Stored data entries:
_____
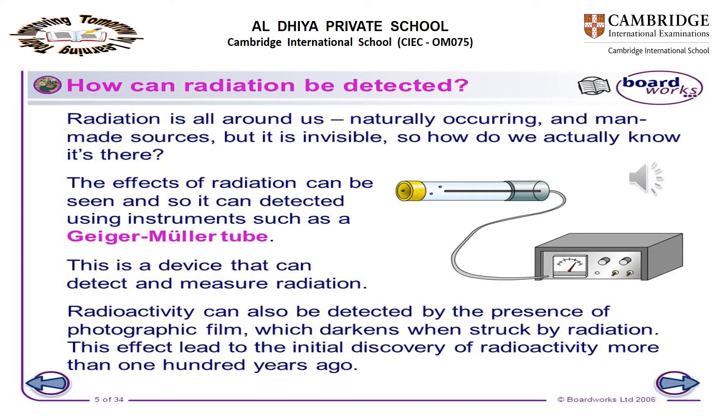Radiation can be detected using instruments such as the Geiger-Müller tube, which can detect and measure radiation. Radioactivity can also be detected using photographic film, which darkens when radiation strikes it.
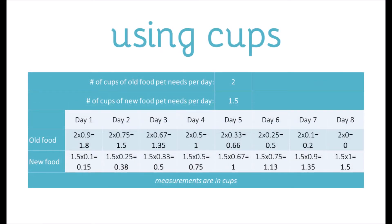This is an example using cups. The pet needs two cups of the old food per day, but only one and a half cups of the new food per day. The first row is the old food, and I've multiplied two cups by each percentage going down the line. The second row is the new food, and that is also being increased as you go down the line.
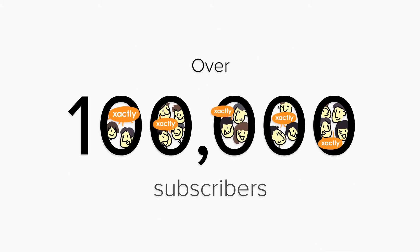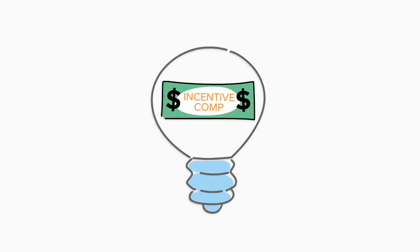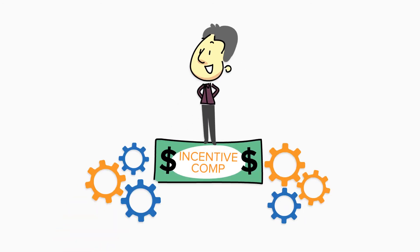Over 100,000 subscribers use Incent Express for their incentive compensation, and we manage billions in incentive comp payments every year. So we know incentive compensation. Give us a call — we can help you get your incentive comp under control and working for you.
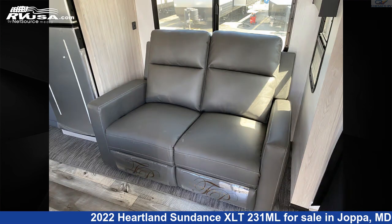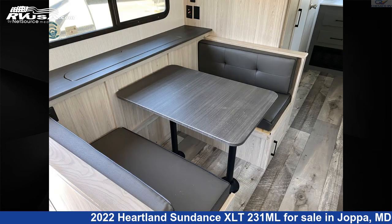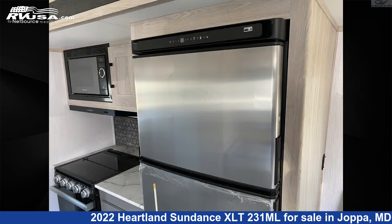The unloaded weight of this 2022 Heartland Sundance XLT 231ML is 5,090 pounds. For more information and pricing on this unit, and to see all units available for sale by Chesaco RV, visit rvusa.com.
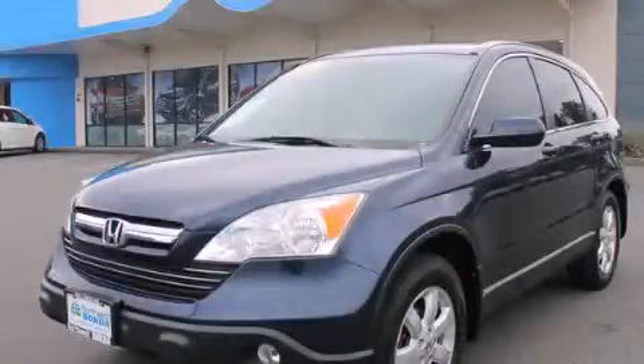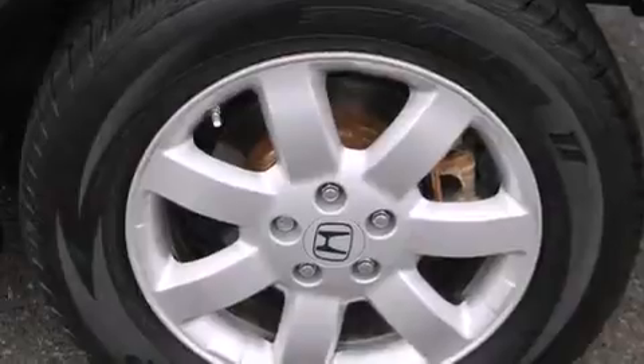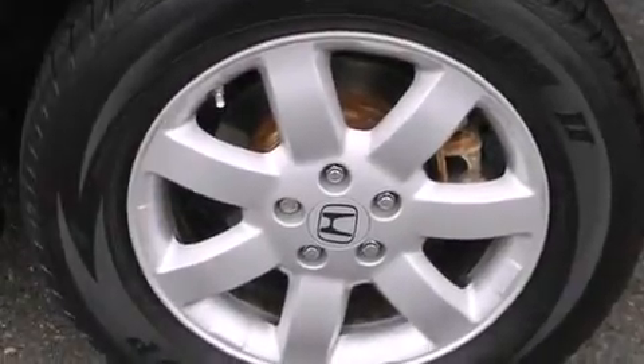This is a 2007 Honda CR-V, plenty of space for what you need. It has a 2.4-liter four-cylinder engine, an automatic transmission, and the added safety and control of four-wheel drive.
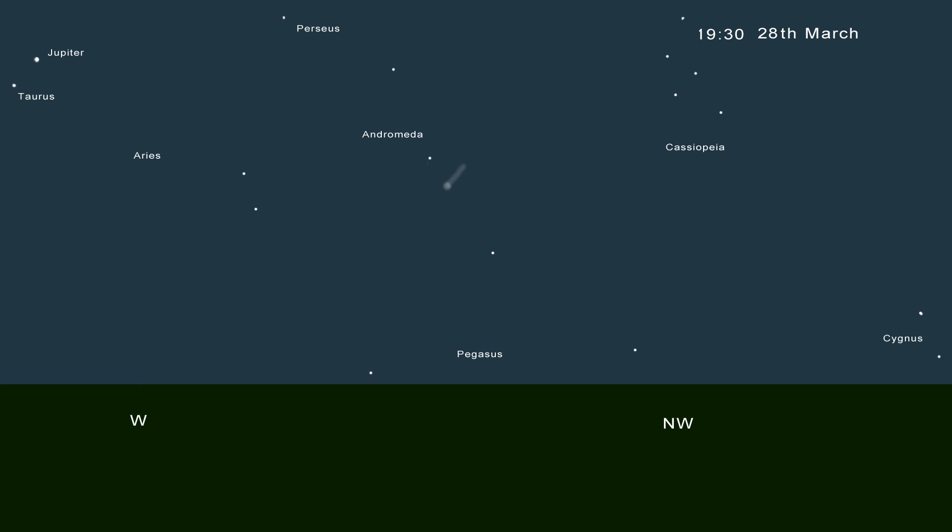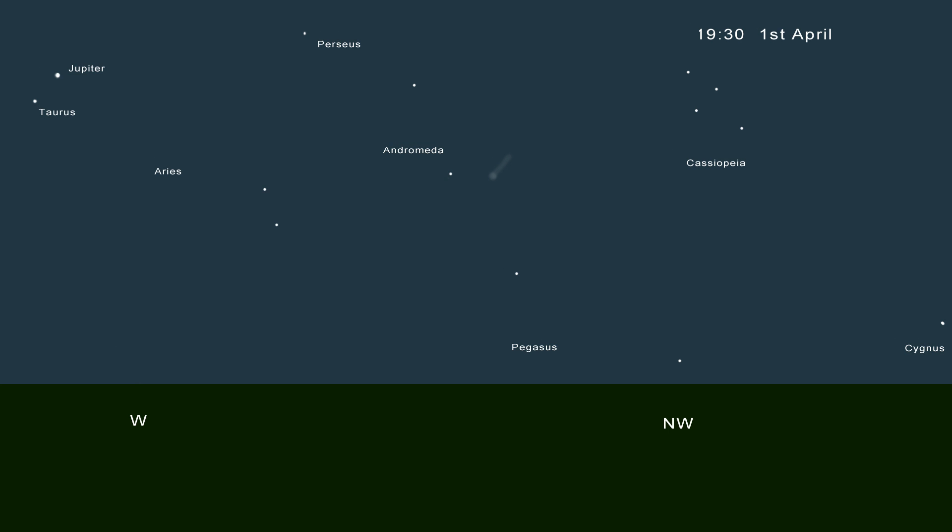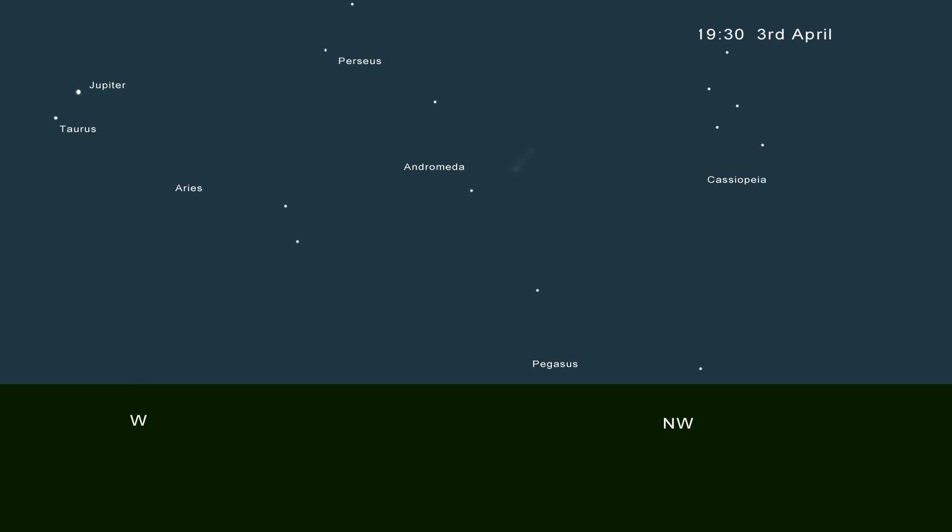Once we're into April, it is probably going to be too faint to see with the naked eye, so you will need some binoculars or a small telescope to be able to see it. It will continue to get fainter and fainter as it gets further away from the Earth.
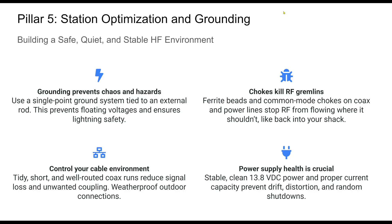Finally, good cable management and a clean power supply complete the picture. These practices aren't glamorous, but they are essential for consistent, high-performance HF operation.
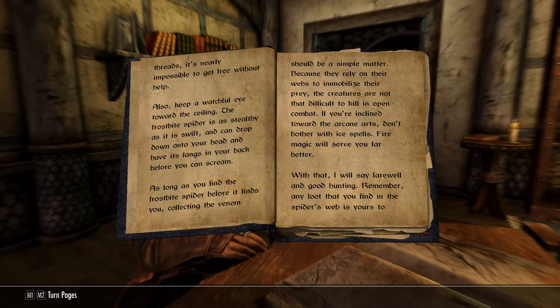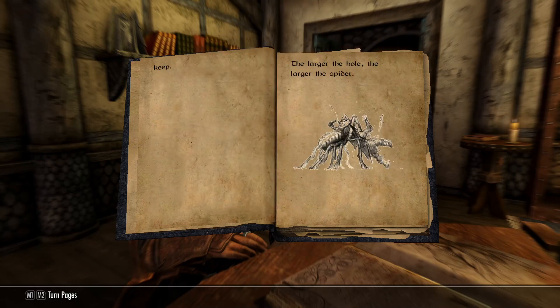With that, I will say farewell and good hunting. Remember, any loot that you find in the spider's web is yours to keep. The larger the hole, the larger the spider.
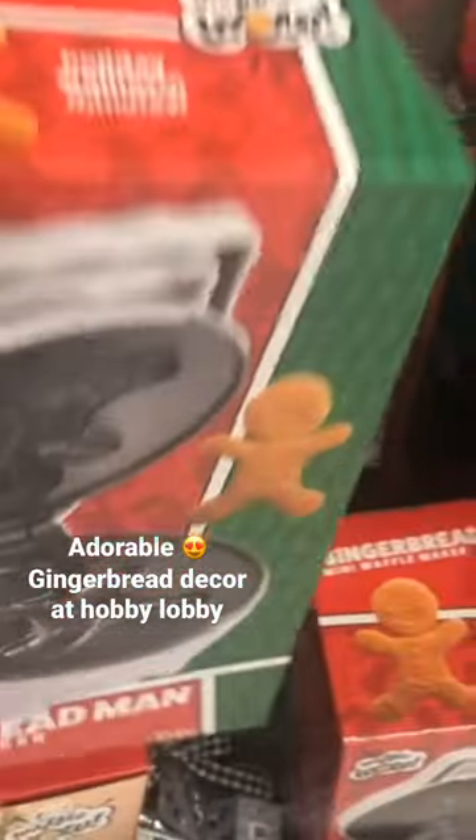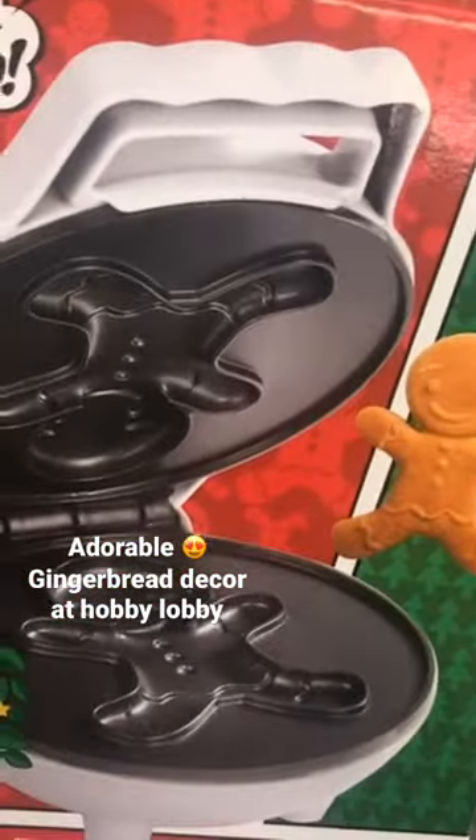Oh my gosh, check out this cute gingerbread waffle maker — how adorable is this, y'all?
_____
Work item: Write out exactly the lines from the line holding "Over 100,000 subscribers" through the last line of the records above, inclusive, and nothing more. Leave out the pictures.

Response for this exercise:
Over 100,000 subscribers use Incent Express for their incentive compensation, and we manage billions in incentive comp payments every year. So we know incentive compensation. Give us a call — we can help you get your incentive comp under control and working for you.
The unloaded weight of this 2022 Heartland Sundance XLT 231ML is 5,090 pounds. For more information and pricing on this unit, and to see all units available for sale by Chesaco RV, visit rvusa.com.
This is a 2007 Honda CR-V, plenty of space for what you need. It has a 2.4-liter four-cylinder engine, an automatic transmission, and the added safety and control of four-wheel drive.
Once we're into April, it is probably going to be too faint to see with the naked eye, so you will need some binoculars or a small telescope to be able to see it. It will continue to get fainter and fainter as it gets further away from the Earth.
Finally, good cable management and a clean power supply complete the picture. These practices aren't glamorous, but they are essential for consistent, high-performance HF operation.
With that, I will say farewell and good hunting. Remember, any loot that you find in the spider's web is yours to keep. The larger the hole, the larger the spider.
Oh my gosh, check out this cute gingerbread waffle maker — how adorable is this, y'all?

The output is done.